Stanford Seminar - Towards Safe and Efficient Learning in the Physical World

()

Safe Bayesian Optimization

Safe Bayesian optimization addresses the challenge of learning efficiently and safely by interacting with the real world.
It models unknown rewards and constraints with a stochastic process prior, such as Gaussian process models or Bayesian neural networks.
Uncertainty estimates from these models guide exploration within plausibly optimal regions while ensuring constraint satisfaction.
Safe Bayesian optimization has been successfully applied in various domains, including tuning scientific instruments, industrial manufacturing tasks, and quadruped robots.

To scale safe Bayesian optimization to richer and more complex applications, learning informative priors is crucial.
The speaker proposes using Bayesian meta-learning to learn priors from related tasks.
A flexible neural architecture based on Transformer models predicts the score of the stochastic process prior.
Empirical results demonstrate the effectiveness of the proposed approach in meta-learning probabilistic models for sequential decision-making.
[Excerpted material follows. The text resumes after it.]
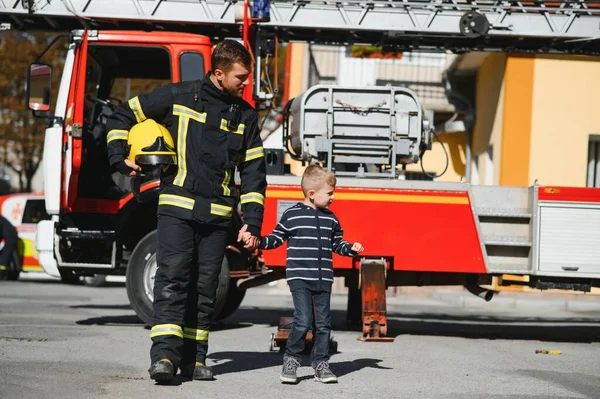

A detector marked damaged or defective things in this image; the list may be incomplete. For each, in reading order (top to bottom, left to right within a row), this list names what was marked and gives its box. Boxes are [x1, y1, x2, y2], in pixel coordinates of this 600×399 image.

rusty metal bracket [356, 260, 394, 344]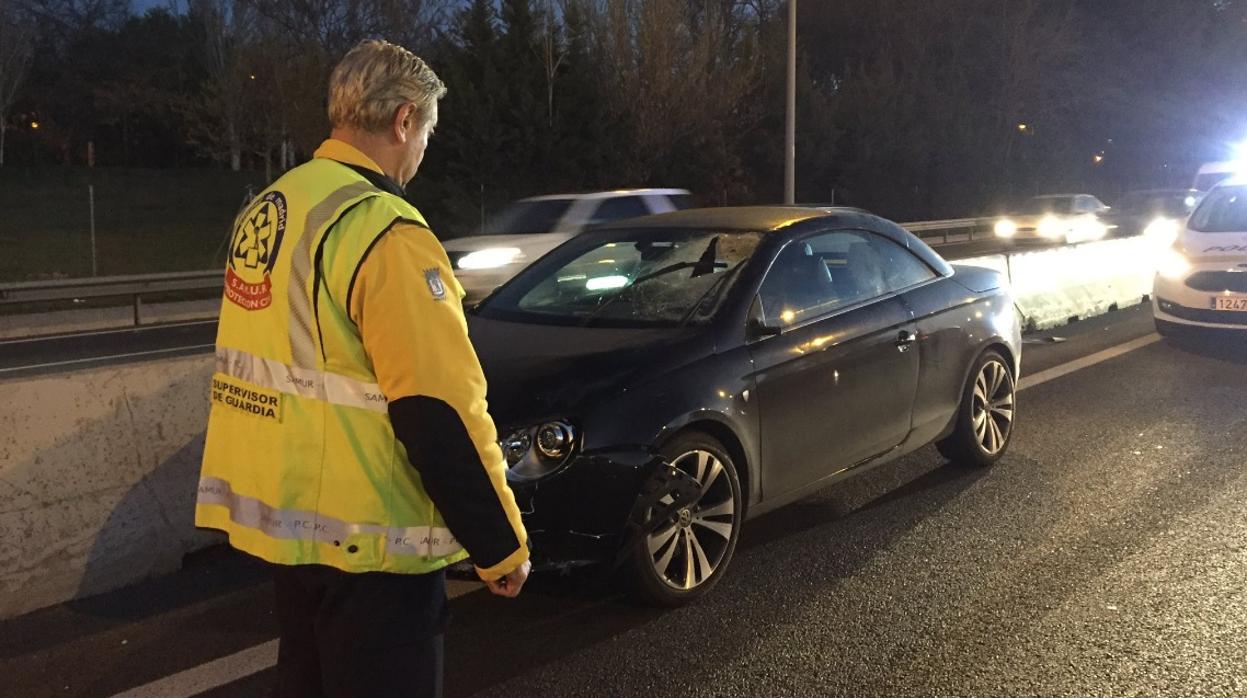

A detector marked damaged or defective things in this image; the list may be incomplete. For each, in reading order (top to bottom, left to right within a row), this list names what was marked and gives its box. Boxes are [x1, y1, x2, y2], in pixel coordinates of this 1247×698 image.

damaged dark car [468, 205, 1024, 604]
The speaker explores theoretical questions and parametric regimes of Bayesian optimization.
They discuss the importance of safety in tasks where conservative and certainty estimates are crucial.
They introduce the idea of using the Gaussian process as a hyper prior and shaping it through key hyper parameters.
They propose a frontier search algorithm to find the optimal hyper parameter settings that maximize informativeness while ensuring calibration.
They demonstrate substantial acceleration in performance using meta-learning ideas in hardware experiments.
They explore the application of ideas from Bayesian optimization to learning-based control, specifically model-based reinforcement learning.
They introduce the concept of quantifying uncertainty in the dynamics of an unknown dynamical system using confidence sets.
They suggest using epistemic uncertainty in the transition model for introspective planning to avoid unsafe states.
They present an optimistic exploration protocol for model-based RL, where a policy is optimized under the most plausible realization of a set of plausible transition models.
They describe a method for reducing the problem of propagating uncertainty in the dynamics model to a standard approximate dynamic programming problem.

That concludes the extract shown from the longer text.